Il ressort du rapport du médecin consultant des affirmations contradictoires : la prono-supination est le complexe de mouvement permettant une rotation complète d'une partie d'un membre vers un autre. A ce titre, elle comprend la supination qui est un mouvement vers le haut et la pronation qui est un mouvement vers le bas. Dans la mesure où le médecin conseil a relevé que la supination était limitée de 30%, il ne pouvait pas retenir une prono-supination complète. Par ailleurs, le raisonnement proposée par la société qui affirme que dans la mesure où la pronation est normale, le taux retenu pour la limitation de la prono-supination doit être fixé entre 5% et 7,5%, c'est à dire divisé par deux par rapport à l'indication du barème n'est étayé par aucune donnée médicale, ce d'autant plus que le barème vise l'atteinte de la prono-supination, sans distinguer s'il s'agit d'une atteinte de la supination ou de la pronation, ou des deux mouvements. Dès lors, le taux de 8% retenu par le premier juge, inférieur au taux minimal de 10% proposé par le barème pour ce type de séquelle est justifié.

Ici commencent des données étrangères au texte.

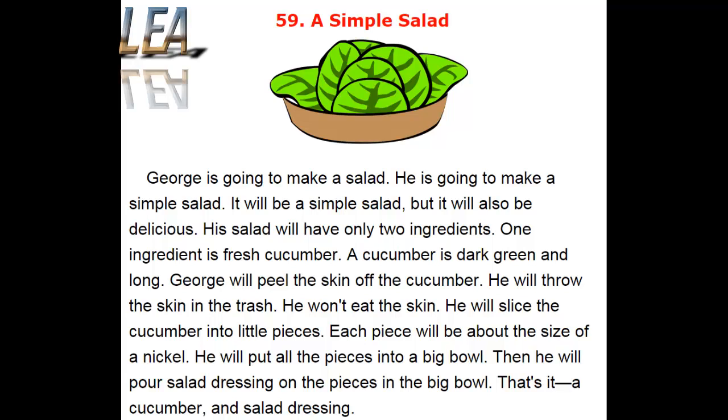George will peel the skin off the cucumber. He will throw the skin in the trash. He won't eat the skin. He will slice the cucumber into little pieces. Each piece will be about the size of a nickel. He will put all the pieces into a big bowl. Then he will pour salad dressing on the pieces in the big bowl. That's it. A cucumber and salad dressing.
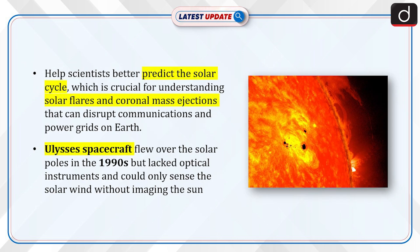The data collected by Solar Orbiter will help scientists better predict the solar cycle, which is crucial for understanding solar flares and coronal mass ejections that can disrupt communications and power grids on Earth.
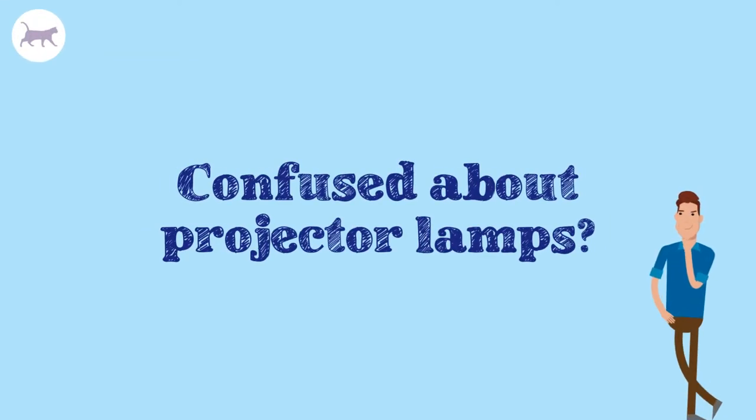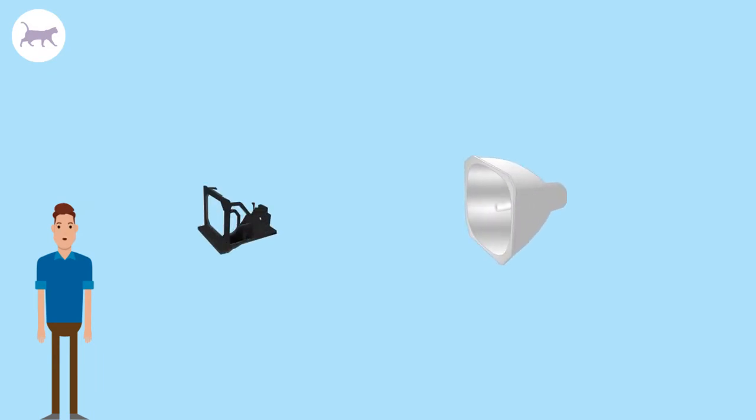Are you confused about projector lamps? Projector lamps consist of two main parts: a bulb and a module or housing.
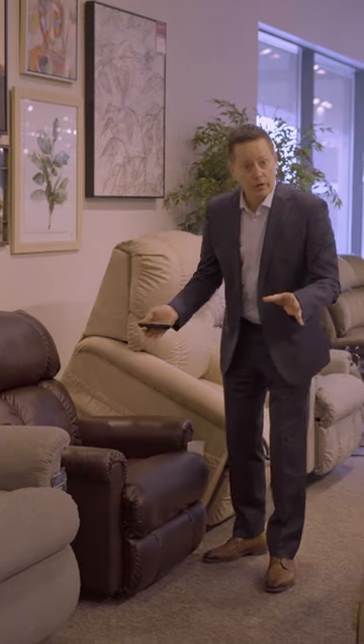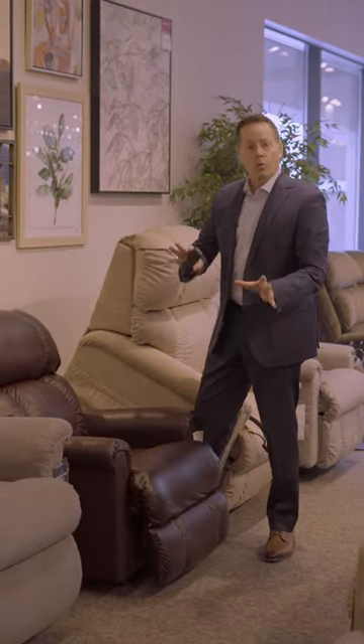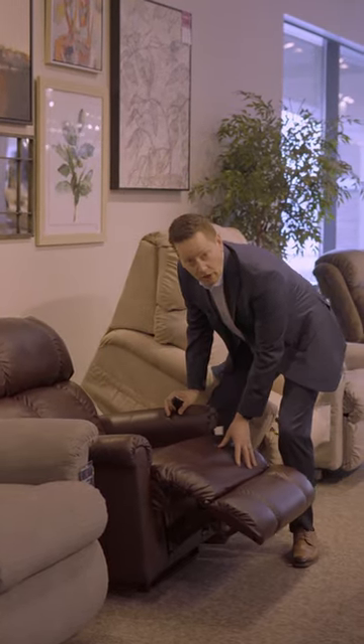Are you recovering from major surgery? During the healing process, you may want to consider having a non-rocking power recliner. This will allow you to have some support, especially with different features like headrest, lumbar support, and of course recline.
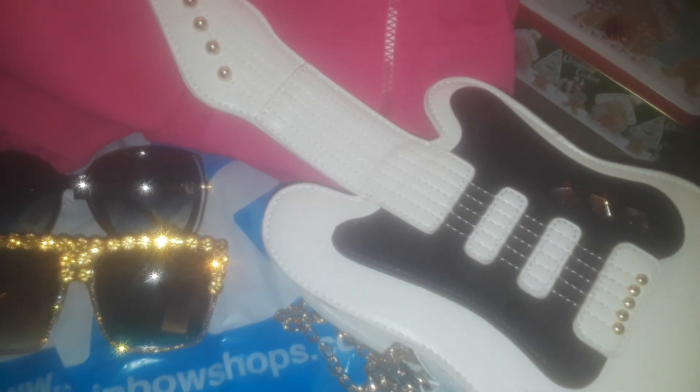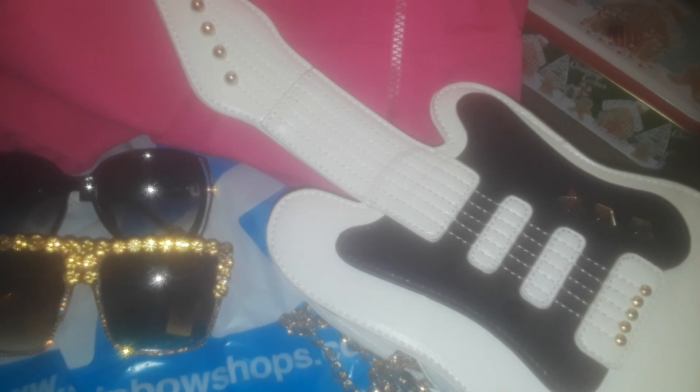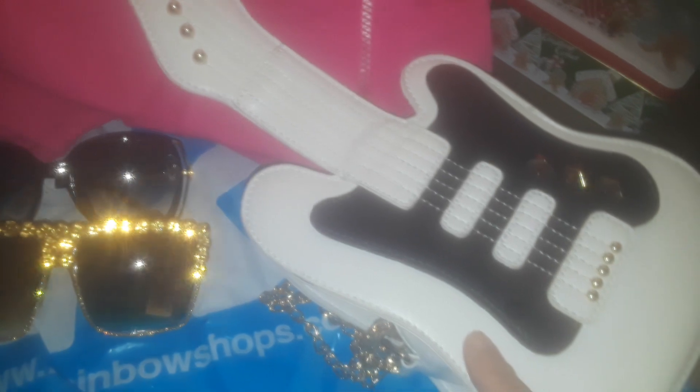I've seen this purse before and then they didn't have it anymore, and I was like, I should have grabbed it when I saw it. Then all of a sudden they had one left and I had to get it for her. I picked her up this purse because she likes rock music too, so I thought it was adorable. Anyway, thanks for watching this Rainbow haul — I will talk to you guys later. Bye.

S'agissant du coefficient professionnel, la caisse fait valoir qu'il peut être justifié par un licenciement pour inaptitude, la perte d'emploi liée ou non à un changement de poste ou la difficulté à retrouver un emploi d'une qualification et d'une rémunération équivalente. Au cas particulier, l'assuré a repris son poste qui a été aménagé en fonction des séquelles de l'accident du travail. Dès lors, et à défaut d'éléments plus caractérisés quant à l'incidence de l'accident du travail sur son exercice professionnel, il n'y a pas lieu de faire droit à l'octroi d'un coefficient de cette nature.
Le taux d'incapacité partielle permanente de M. [X] [D] consécutivement à l'accident du travail du 20 avril 2016 sera fixé à 21% (13% + 8%) entre la société [5] et la caisse primaire d'assurance maladie de [Localité 6].

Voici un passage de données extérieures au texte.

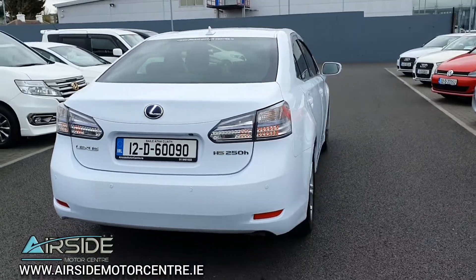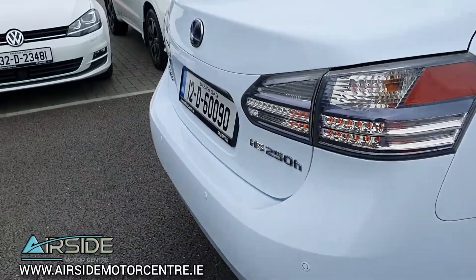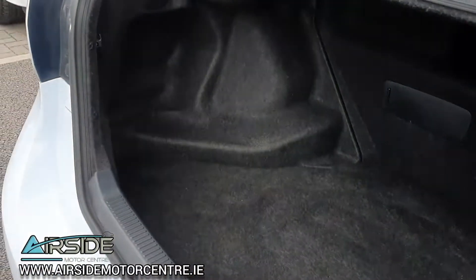You can see there you have your rear sensors in the bumper as well. I'll show you inside the boot — it's got a nice deep boot, very wide.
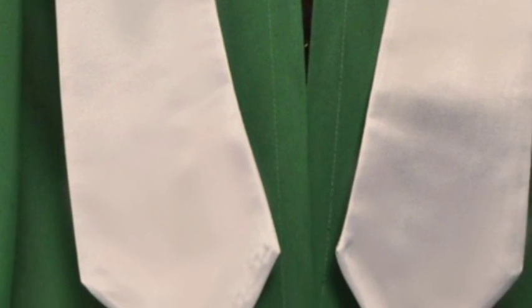All of our choir robes are available with the addition of Honestoles or sashes. Honestoles are a fantastic way to show uniformity throughout the choir and a great place for personalised embroidery or the addition of a crest or logo.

La décision du premier juge sera infirmée.
Les deux parties succombant en cette instance supporteront les dépens d'appel chacune par moitié.
PAR CES MOTIFS
LA COUR,
RÉTRACTE l'ordonnance constatant le désistement d'instance de la société [5] dans l'instance enrôlée sous le numéro RG 22-04498,
DÉCLARE recevable l'appel de la société [5],
CONFIRME le jugement RG n°19/00099 du Tribunal judiciaire de Paris en date du
1er mars 2022 en ce qu'il a condamné la caisse primaire d'assurance maladie de [Localité 6] à payer les dépens de première instance en ce compris les frais d'expertise du docteur [L] d'un montant de 600 euros mentionnés à l'article 695 du code de procédure civile,
INFIRME pour le surplus
Et statuant à nouveau
FIXE à 21% le taux d'incapacité partielle permanente de M. [X] [D] consécutivement à l'accident du travail du 20 avril 2016 entre la société [5] et la caisse primaire d'assurance maladie de [Localité 6],
Y ajoutant,
DÉBOUTE les parties de leurs autres demandes,
PARTAGE les dépens d'appel par moitié entre la société [5] et la caisse primaire d'assurance maladie de [Localité 6].